_Task to carry out_. Retype nothing but the lines from the start of the material up to and including the line with "Photo glass christmas". Pictures don't belong in the copy.

○ ○ ○ ○ ○ ○ ○

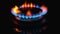 Blue flame of gas stove on black background. Kitchen burner turning on. Natural gas inflammation. chemical reaction. Staining the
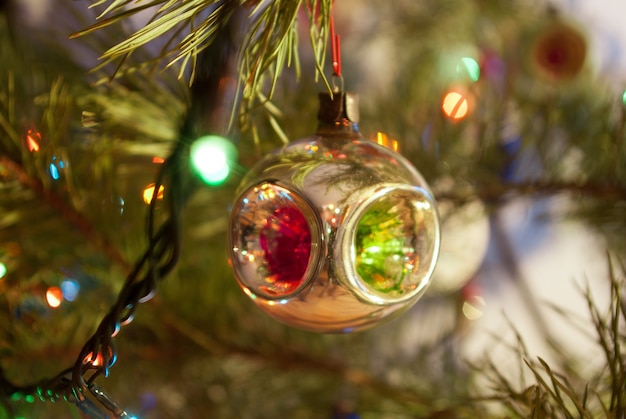 Photo glass christmas tree decoration on a background of a christmas tree with lights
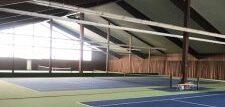 Sporthalle mit mehreren Tennispl&auml;tzen in Gr&uuml;n und Blau, helle Fenster sorgen f&uuml;r nat&uuml;rliche Beleuchtung.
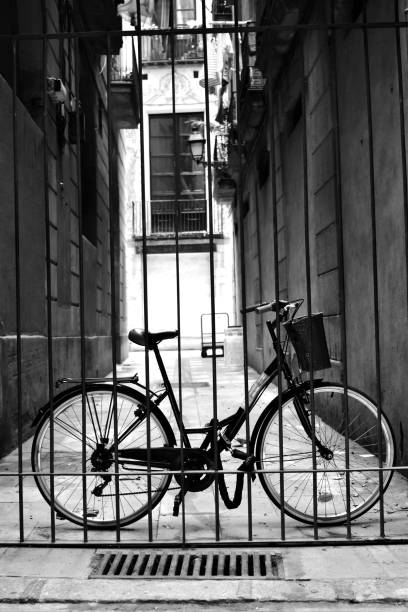 A bike an an alley way in Barcelona, Spain, in black and white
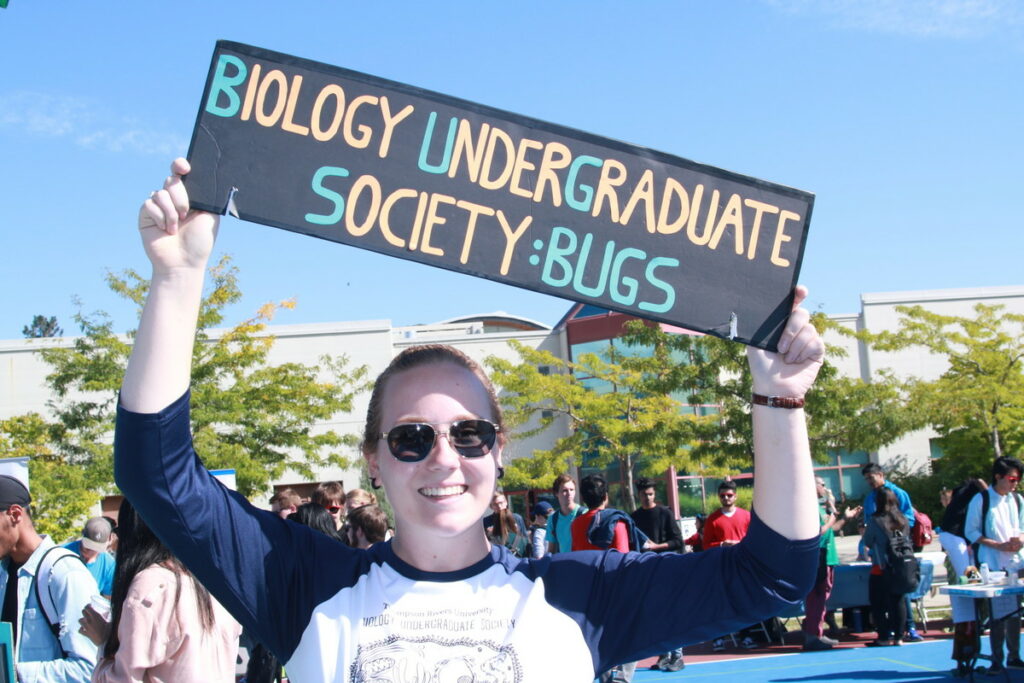 A smiling student holds up a sign that says "Biology Undergraduate Society: BUGS"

○ ○ ○ ○ ○ ○ ○

_Response to the exercise_.
 Blue flame of gas stove on black background. Kitchen burner turning on. Natural gas inflammation. chemical reaction. Staining the
 Photo glass christmas tree decoration on a background of a christmas tree with lights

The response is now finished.